凌雲堂では、インクジェットの墨表現への応用を、表具店の立場から個人で細々と研究してまいりました。その成果は店内に掛軸として飾ってありますが、こちらからの説明なしに、複製と指摘された方はおりません。ポイントは
- 書道用紙に出力する
- 表装する
ことであると思っております。
高度に電子化されたデータであっても、コピー用紙に出力してしまえば印刷された手本と何ら変わりはありません。書道用紙への出力は、紙の質感とインクの若干の滲みなどにより、かなり本物に近く感じられます。さらにそれを表装すれば、心理的な効果もあって、まず印刷を分かる方はいないでしょう。

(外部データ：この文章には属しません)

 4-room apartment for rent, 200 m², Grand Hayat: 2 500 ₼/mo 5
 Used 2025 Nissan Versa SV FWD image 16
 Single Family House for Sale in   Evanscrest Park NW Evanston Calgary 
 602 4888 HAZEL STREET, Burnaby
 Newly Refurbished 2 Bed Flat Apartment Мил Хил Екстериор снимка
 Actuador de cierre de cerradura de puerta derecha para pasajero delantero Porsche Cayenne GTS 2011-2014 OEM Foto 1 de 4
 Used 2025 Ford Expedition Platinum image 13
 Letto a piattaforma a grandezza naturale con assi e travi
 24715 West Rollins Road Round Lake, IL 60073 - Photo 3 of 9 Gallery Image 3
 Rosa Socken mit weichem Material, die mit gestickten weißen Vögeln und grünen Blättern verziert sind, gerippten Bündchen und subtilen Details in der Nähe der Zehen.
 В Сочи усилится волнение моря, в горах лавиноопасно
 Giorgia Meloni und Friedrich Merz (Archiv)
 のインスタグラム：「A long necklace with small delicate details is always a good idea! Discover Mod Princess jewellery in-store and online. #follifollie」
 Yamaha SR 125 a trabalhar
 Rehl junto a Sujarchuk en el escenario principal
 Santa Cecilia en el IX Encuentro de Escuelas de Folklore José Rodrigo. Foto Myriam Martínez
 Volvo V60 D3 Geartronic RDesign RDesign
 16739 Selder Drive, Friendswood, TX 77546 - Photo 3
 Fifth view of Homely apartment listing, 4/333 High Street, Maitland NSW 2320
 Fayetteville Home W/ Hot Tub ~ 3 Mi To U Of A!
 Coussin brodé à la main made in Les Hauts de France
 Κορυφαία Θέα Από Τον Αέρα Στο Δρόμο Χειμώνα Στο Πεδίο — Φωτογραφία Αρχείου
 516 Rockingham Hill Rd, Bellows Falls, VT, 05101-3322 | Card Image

当店では、「書かれたように見える印刷」を目指して研究をし、作業をしてまいりました。このカテゴリでは、そのために必要な
- 床の間にかけた掛軸が書かれたように見えるのに必要な解像度はどの位か
- 掛軸に仕立てるために必須の、薄い和紙をプリンタに通すには?
- 電子化時に写ってしまった紙色や汚れの除去
- 分割してスキャンした画像の合成方法
- そのほか「書かれたように見える印刷」に必要な、補正や画像処理
などの事柄をご説明してまいります。全て自己流ですのでお役に立てるかはわかりません。参考にしていただければ幸いです。